This is the time of year when I normally sit down and reflect on what I want to accomplish before my next birthday. I'm not really in that place this year. Autumn is normally my new year. It's when I thrive surrounded by vibrant colors, cold crisp air, wide flung windows, warm apple cider, and the crunch of leaves under my feet. This year is different. I've spent a lot of time lately thinking and allowing myself to trust. My faith has been tested and has grown. It's been a very personal time for me these past few months. It's been unlike anything I've ever experienced. I was reading some poetry today by Jen Lee and it opened something in me that made me want to sit down and write. So I am. I'm also going to go out on a tremendously long limb (for me) and share.
I hope that one day I am able to look at myself the way I look at my son. I forgive his mistakes quicker than I forgive my own. I don't believe his angry words that he spits out at me when he doesn't get what he wants. I have hope for his life. I know his strengths and weaknesses, and am constantly surprised by what he is capable of doing. I hold no grudges against him. I can see him for all that he is and all that he is not and I have nothing but love for him.
I know that one day he's going to look at me and realize that I am not perfect. I'm okay with that because I'm slowly starting to realize that it is ok not to be. It's ok to want my space. It's ok to dance when I want and to sing loudly when it hits me. It's ok to want to use my energy to be creative. It's ok to forgive and forget. It's ok to cry when music moves me. It's ok to be over the moon for my husband. It's ok to allow myself to be sad, to hibernate and really feel it. It's ok to be vulnerable even though it hurts me down to the core. It's ok to ask for help even though it makes me even more vulnerable. It's ok to constantly make lists of things I want to accomplish but then never mark them off. It's ok to like knowing that the list is out there. It's ok to live simply and delight in the beauty all around me. It's ok to want more memories and not more "stuff".
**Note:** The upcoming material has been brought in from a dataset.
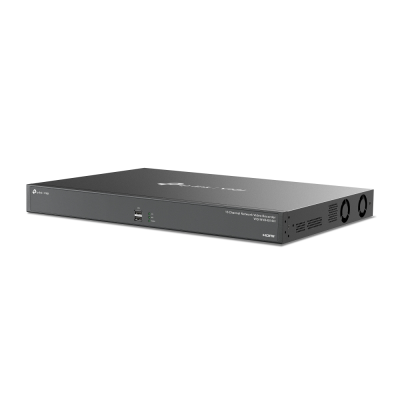 TP-LINK | 16 Channel Network Video Recorder | VIGI NVR4016H | 4 SATA Interfaces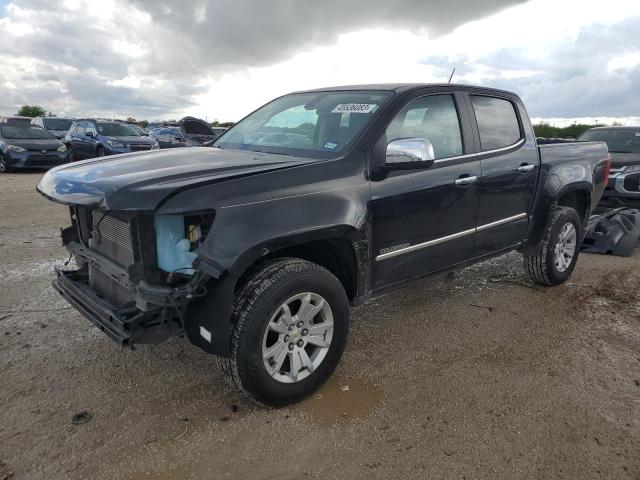 CHEVROLET COLORADO L 2016 1gcgsce32g1107438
Since having my son and almost losing myself, I have learned that I also don't like being right all the time anymore. I hate to think of all the energy I have wasted throwing up walls, giving up my empathy, arguing, holding grudges, & generally thinking I'm better than some people. In the end, who cares? My phone used to ring off the hook with people that called themselves my friends. Now it sits silent most of the time and when it does ring, I'm excited because I know it's someone I love. I used to love to be the center of attention. Now I enjoy comfortable silences. I used to love to talk just for the sake of talking. I used to think that that was the only way you learned. Now I know that you learn more by getting your hands dirty and walking your talk.
I don't think I'll ever stop pushing people's buttons. I like to watch people accomplish things they never thought they could. Maybe now I just won't push them into getting in trouble...though who knows?? I think I'll always be a mischevious little monkey. I'm intrisically curious and you'll be hard pressed to fit me into a stereotype. I'm the girl that will listen to IIIrd Tyme Out, Motley Crue, and Shug Avery's gospel music all in the same hour. I'm the one that will weep for The Color Purple, Lloyd Dobbler, and puppies wrapped in toilet paper. I'm the one that will befriend the freaks with multi-colored hair and tattoos, the dirty hippies, the queers, and the Mormons. I'm the one that will always believe that when my left hand itches I'll get some money soon and you'll never see me walk under a ladder. I'll be the one that will always have a story and I'll never stop believing that everyone has something good inside of them. I'll never stop trying to help them see what I see. I'm learning to see what people are and what they are not and having nothing but love for them.